The summer of 2015 was dominated by block buster super hero movies and a return to the Jurassic. Over shadowed by its bigger siblings Tomorrow Land was largely overlooked. If this movie was not on your radar here is the official movie description from Disney Studios:
Whenever Casey Newton (Britt Robertson) touches a lapel pin with the letter T on it, she finds herself transported to Tomorrowland, a city filled with huge robots and sleek buildings. The gifted young woman recruits the help of scientist Frank Walker (George Clooney), a previous visitor to Tomorrowland, who years ago made a startling discovery about the future. Together, the two adventurers travel to the metropolis to uncover its mysterious secrets.
The few trailers that were released for this film were vague and confusing. Unfortunately the plot twist half way through the movie was such a big secret that the trailers could not do this movie justice. Marketing of this film via social media and stunts enabling junior Imagineeers to contribute ideas for a better future could have given this movie a much needed bump in interest. Even with the retro sixties nostalgia of the 1964 New York World’s Fair the response to the film was paltry. Disney as usual offers us a lush world with a compelling story; a future full of optimism and science. Too many times the attention to detail and affects like these are applied to movies that are targeted towards teens and adults. This film was in every scene tailored to families. Which I believe is why this movie was panned by most critics. Tomorrow Land seems off handedly to have no teeth. From the beginning of this film we know the main characters were not speaking to the adults of today but the children dreamers who will one day be the leaders of tomorrow. They warned of a day to come where a large calamity will soon hit mankind. But they reassure us that there is still time to affect change.
My family chose to watch this movie at home instead of in the theater and I now regret that decision. The many scenes depicting a city amongst the clouds or the hope that the city embodied would have been much more effective on a large screen than on a personal device. This film also explored lofty ideas that do not have their day in most popular child friendly formats. Positive ideas verses negative ideas permeating our modern lives and how they affect the hope for the future is explored. The development and use of science and technology used for the greater good is touched upon as well. Adding to these overarching themes we also find day dreamers and creatives being allowed to work together unhindered for the promise of a better future. The writers also decided to explore a story of young love and betrayal or rather programming versus artificial intelligence.
Lofty Ideals permeate this movie assuming that children can understand that there is a choice between acting for oneself and acting for the good of all. Maybe that is ultimately why this movie did not do well in theaters.
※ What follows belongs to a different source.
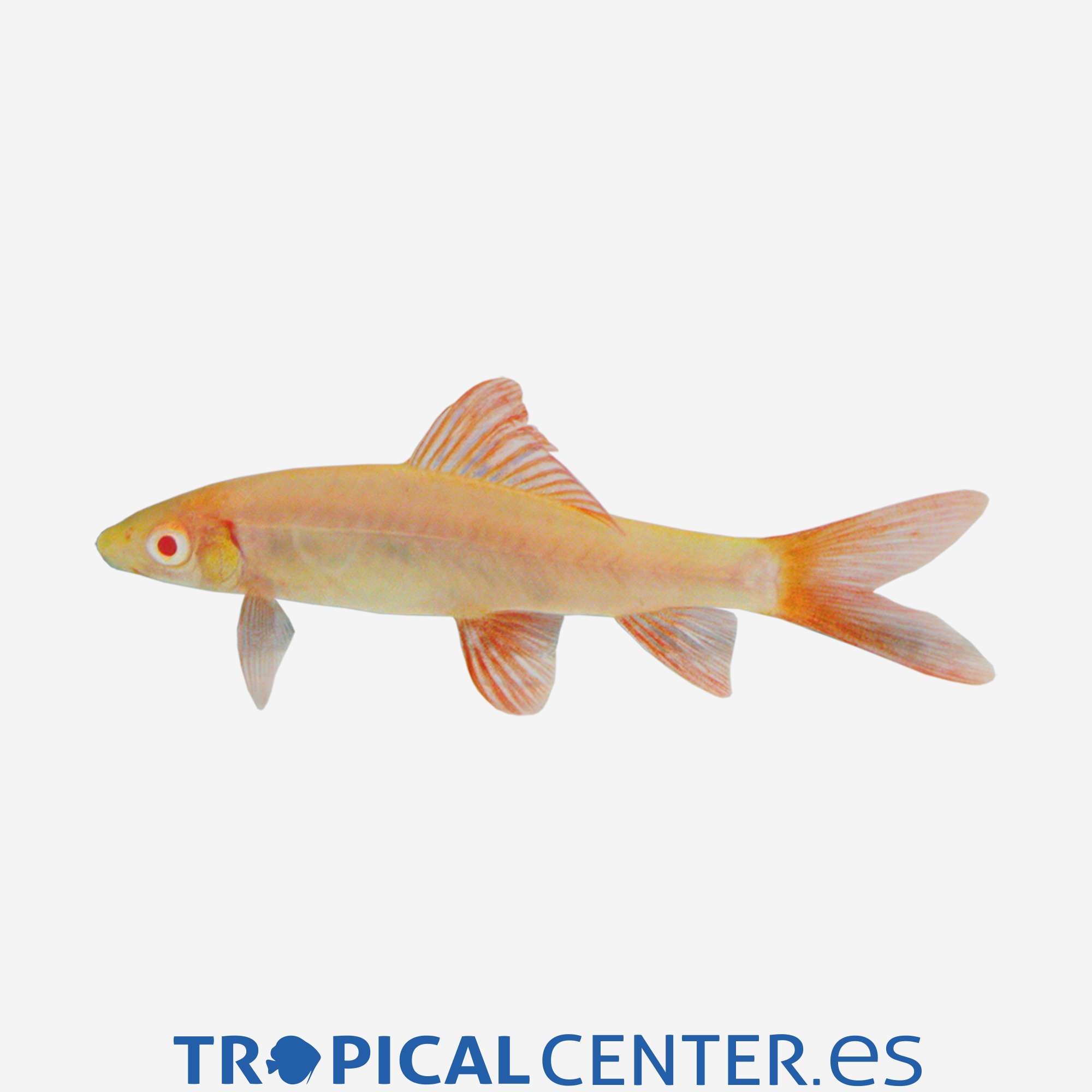 la01-2-labeo-arcoiris-albino_general_3697.jpg la01-2-labeo-arcoiris-albino_general_3697.jpg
A PG movie about optimism and a future of hope instead of the endless city destroying sequences in super hero movies or post apocalyptic teen novel adaptations.
Now it’s time for my list of why this movie is worthy of your time.
- George Clooney
- Special Effects
- Eiffel tower rocket
- Jet Packs
- Friendly Robots
- Classic Disney
- 1964 New York World’s Fair
- Assumption that Kids are smart.
I wanted to love Tomorrowland. I really did. I went to the New York World's Fair in 1964 and rode Carousel of Progress (withe the theme song "It's a great, big beautiful tomorrow ..."). But Tomrrowland let me down. The whole premise is one Smart Guy who thinks he and his fellow Smart Guys are better than everyone else. Not only does he (unwittingly) bring about disaster, but he leaves everyone else to perish miserably. The wise, humble guy and the smart teenager finally save the day, but then they turn around and only invite Those Who Are Worthy - the Artistic or Intelligent!! They reestablish the closed, elitist community that they fought so hard! What about the Compassionate? The dedicated Hard Worker? The Farmer? The Mom? The Kind? Are they not fit to live in utopia? Do they not contribute to society? Have we no obligation to help those Less Fortunate Than Ourselves?
Yes, I got excited and passionate. But it's that very if-we-only-had-the-good-people-then-we'd-have-the-garden-of-Eden that causes many problems in our world. Yes, it is worthy for all 10 things on your list. But I mourn over what it could have been.